> _Exercise goal_: Nothing but an exact repeat of the data, with pictures removed, belongs in the answer.

> _Material provided_:
+++
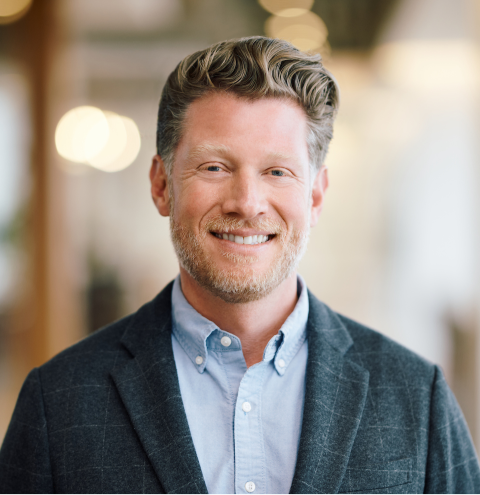 A man in a suit and blue shirt smiles for the camera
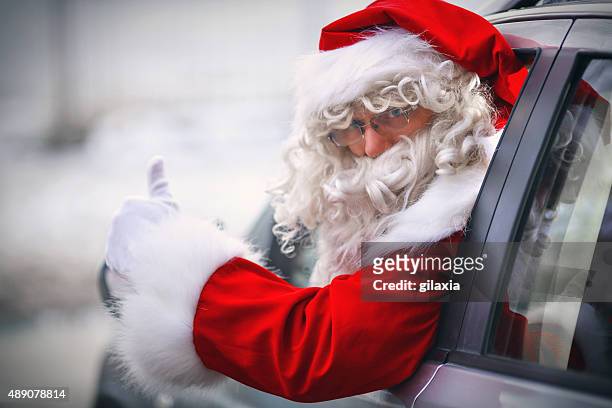 driving santa. - santa clause stockfoto's en -beelden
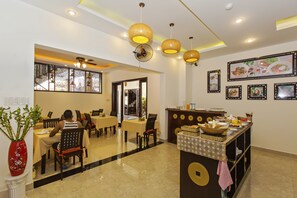 Un restaurant avec des tables et des chaises, un buffet et des ventilateurs de plafond.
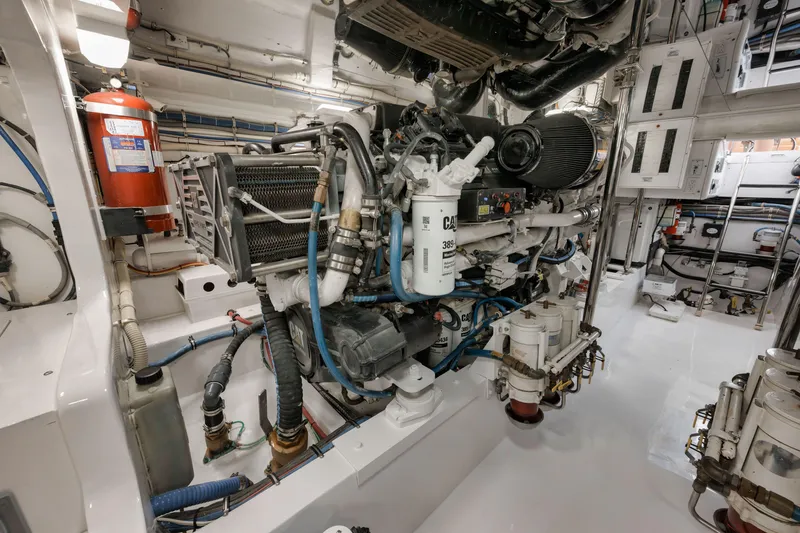 Slide: The Image of Engine room of 2009 Hatteras 60GT yacht, featuring complex machinery and equipment. - 47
+++
> _The answer_:
 A man in a suit and blue shirt smiles for the camera
 driving santa. - santa clause stockfoto's en -beelden
 Un restaurant avec des tables et des chaises, un buffet et des ventilateurs de plafond.
 Slide: The Image of Engine room of 2009 Hatteras 60GT yacht, featuring complex machinery and equipment. - 47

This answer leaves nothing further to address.